11. Ceza Dairesi Esas No: 2019/10783 Karar No: 2020/1876 Karar Tarihi: 26.02.2020
Açığa imzanın kötüye kullanılması - Yargıtay 11. Ceza Dairesi 2019/10783 Esas 2020/1876 Karar Sayılı İlamı
Özet:
Ağır Ceza Mahkemesi tarafından verilen kararda, açığa imzanın kötüye kullanılması suçlamasıyla yargılanan sanık beraat etmiştir. Kararda, suç adının başlığında hatalı yazıldığı ve düzeltilebileceği belirtilmiştir. Katılan vekilin duruşmalı temyiz inceleme istemi reddedilmiştir. İstanbul Cumhuriyet Başsavcılığı tarafından iddianamesinde anlatılan eylemin açığa imzanın kötüye kullanılması suçu kapsamında değerlendirilmesi gerektiği vurgulanmıştır. Ancak yapılan yargılama sonucunda, suçun sanık tarafından işlendiğinin sabit olmaması nedeniyle mahkeme tarafından beraat kararı verilmiştir. Kararda, Yargıtay Ceza Genel Kurulu'nun 5237 sayılı TCK'nın 209/1. maddesi uyarınca açığa imzanın kötüye kullanılması suçu kapsamında değerlendirilmesi gerektiğine dair bozma kararı da yer almaktadır. Karar, kanun maddeleri olarak 5237 sayılı Türk Ceza Kanunu'nun 209/1. maddesi ve 5320 sayılı Kanun'un 8/1. maddesi ile 1412 sayılı CMUK'nın 318. maddesi üzerinden değerlendirilmiştir.
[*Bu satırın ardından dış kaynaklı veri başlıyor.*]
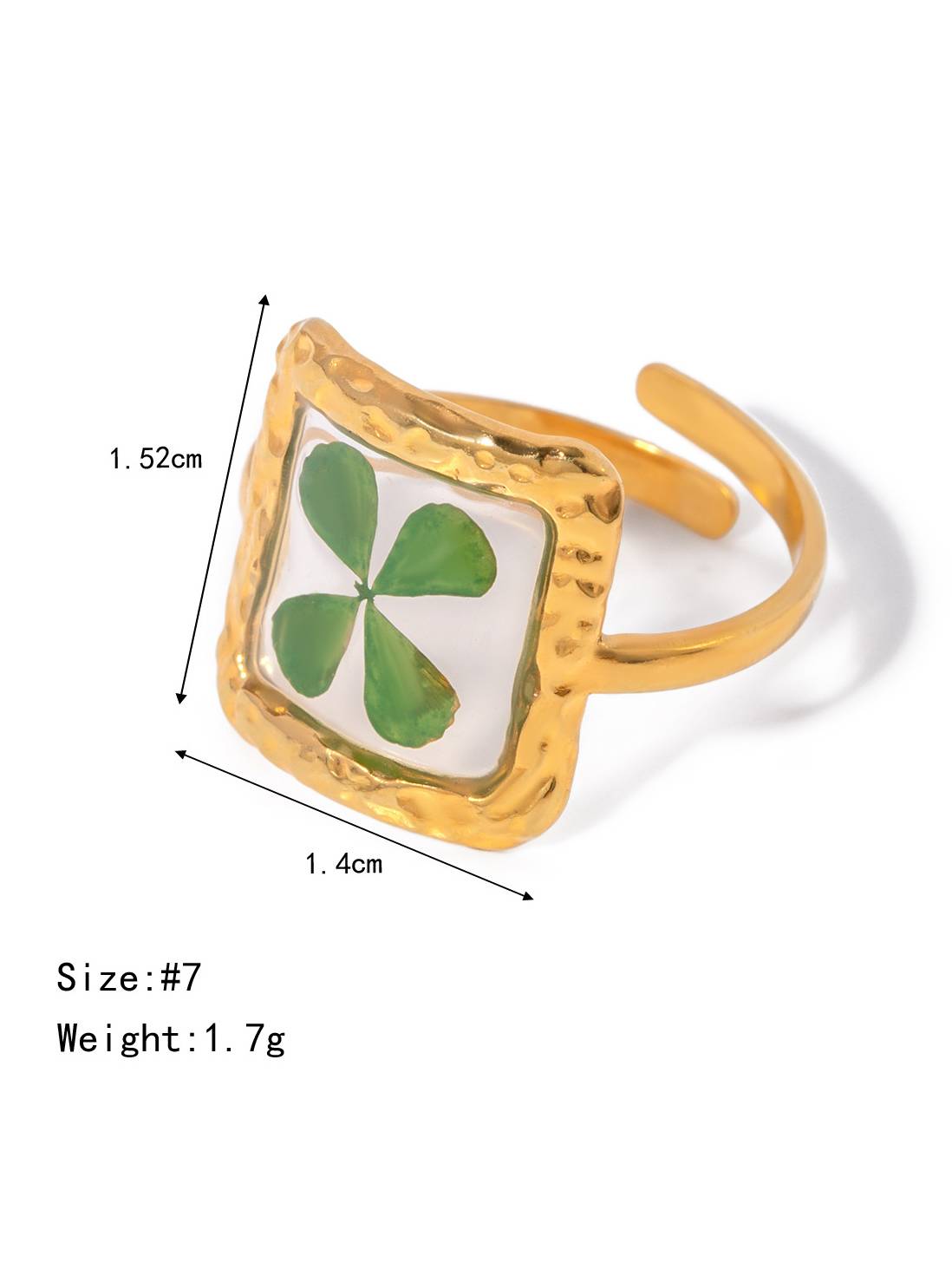 Sunflower Four-leaf Clover Eternal Flower Ring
11. Ceza Dairesi 2019/10783 E. , 2020/1876 K.
"İçtihat Metni"
MAHKEMESİ :Ağır Ceza Mahkemesi SUÇ : Açığa imzanın kötüye kullanılması HÜKÜM : Beraat
Karar başlığında hatalı yazılan suç adının "açığa imzanın kötüye kullanılması" olarak mahallinde düzeltilmesi mümkün görülmüştür. Katılan vekilinin duruşmalı temyiz inceleme isteminin 5320 sayılı Yasanın 8/1. maddesi aracılığıyla uygulanması gereken 1412 sayılı CMUK"nin 318. maddesi gereğince koşulları bulunmadığından reddine karar verilerek yapılan incelemede; İstanbul Cumhuriyet Başsavcılığının 05.09.2014 tarih 2014/38600 Esas sayılı iddianamesinde anlatılan eylemin, Yargıtay Ceza Genel Kurulunun 11.12.2018 tarih 2016/23-1347Esas, 2018/634 Karar sayılı bozma kararı ile 5237 sayılı TCK"nin 209/1. maddesinde düzenlenen açığa imzanın kötüye kullanılması suçu kapsamında değerlendirilmesi ve yapılan yargılama sonucunda yüklenen suçun sanık tarafından işlendiğinin sabit olmaması karşısında, resmi belgede sahtecilik olarak değerlendirilmesi sonuca etkili bulunmadığından, katılan vekilinin yerinde görülmeyen temyiz taleplerinin reddiyle sonucu itibariyle doğru olan hükmün ONANMASINA, 26.02.2020 tarihinde oy birliği ile karar verildi.